Over the last three years I’ve found some things that help, and I’ve been ever-so-slowly getting better. But then, a nurse mentioned to me that sometimes, TNFI’s work better the second time around. I consulted my rheumatologist and decided, literally, to give Humira another shot.

This is the list of warnings and side effects that come with it. A double-sided table cloth. By the time Nik finished reading it I’d already done the first injection. Not because I felt casual about it – anything but – but because I’d been here before. I didn’t need to stop at the *danger danger* signs to remind myself what they meant.

The first time around, I used an automated pen to administer the shot, but that’s quite difficult to get right, and Humira costs somewhere around the $2k mark. Per injection. It’s not something you want to fuck up, even if you’re not paying the bill (thank you, subsidised healthcare).

So I switched to a pre-filled syringe. I use an ice pack to numb my stomach as much as possible. Because I’m small, and because I scar easily (as shown by my navel piercing from 17 years ago), it can be difficult to find enough unscarred fat to inject into. The needle doesn’t hurt, but the drug going into the muscle sure does.

The shots take 6-8 weeks to start working. I am at Week 8. And I am very excited because (touch wood) I think it’s actually doing it’s thing for me this time. I have slightly more energy, slightly less pain. Discernible enough to give me hope.

I am also, of course, the definition of ‘immunocompromised in a pandemic,’ so if I come into contact with COVID-19, I have no idea how my body would react. I know I’m not alone in this. Today, wearing a mask and circling widely around others in the supermarket in Nelson, I felt a little silly.
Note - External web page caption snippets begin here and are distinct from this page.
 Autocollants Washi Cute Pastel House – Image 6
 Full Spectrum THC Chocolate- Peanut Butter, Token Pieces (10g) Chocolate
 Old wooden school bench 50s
Paranoid, maybe. But I’d kinda rather be paranoid than, y’know. More sick.

I also get to carry round this nifty card which lets people know why I might feel that way. It has the doctor’s details and other important info on the back.
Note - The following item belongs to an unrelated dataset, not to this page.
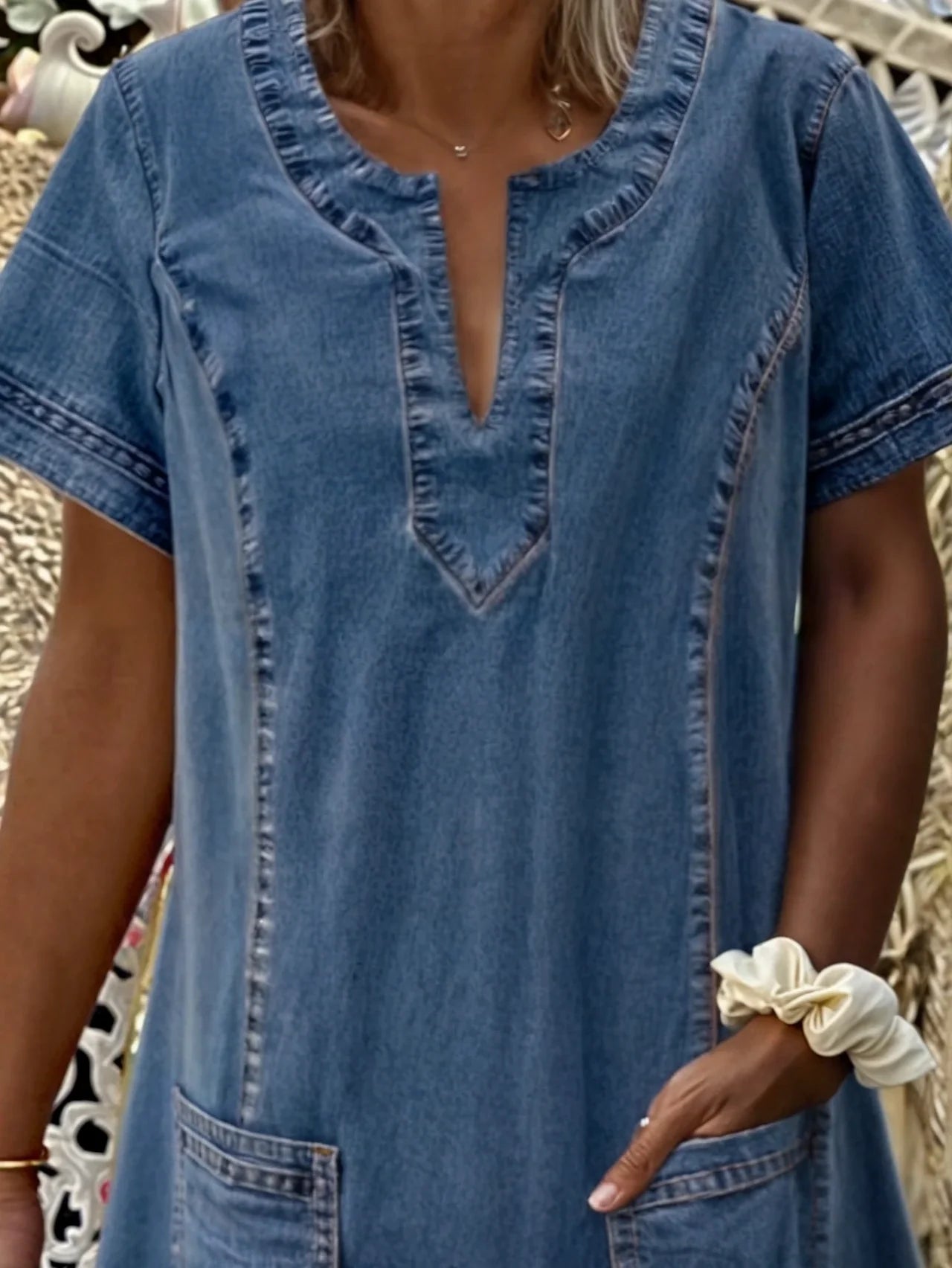 Monica | Blød Denim Kjole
It’s kinda weird to be injecting yourself with something that could kill you, so that other things don’t kill you, but some of those things could because of the thing you’re injecting yourself with?

But I can tell it’s working. The last couple days before the dose is due, my energy drains away, my pain creeps back up. Which means on my good days, I’m doing more than I thought possible after my diagnosis. So I’m going to keep going, because getting my life back is, actually, worth the risk of anything happening to it.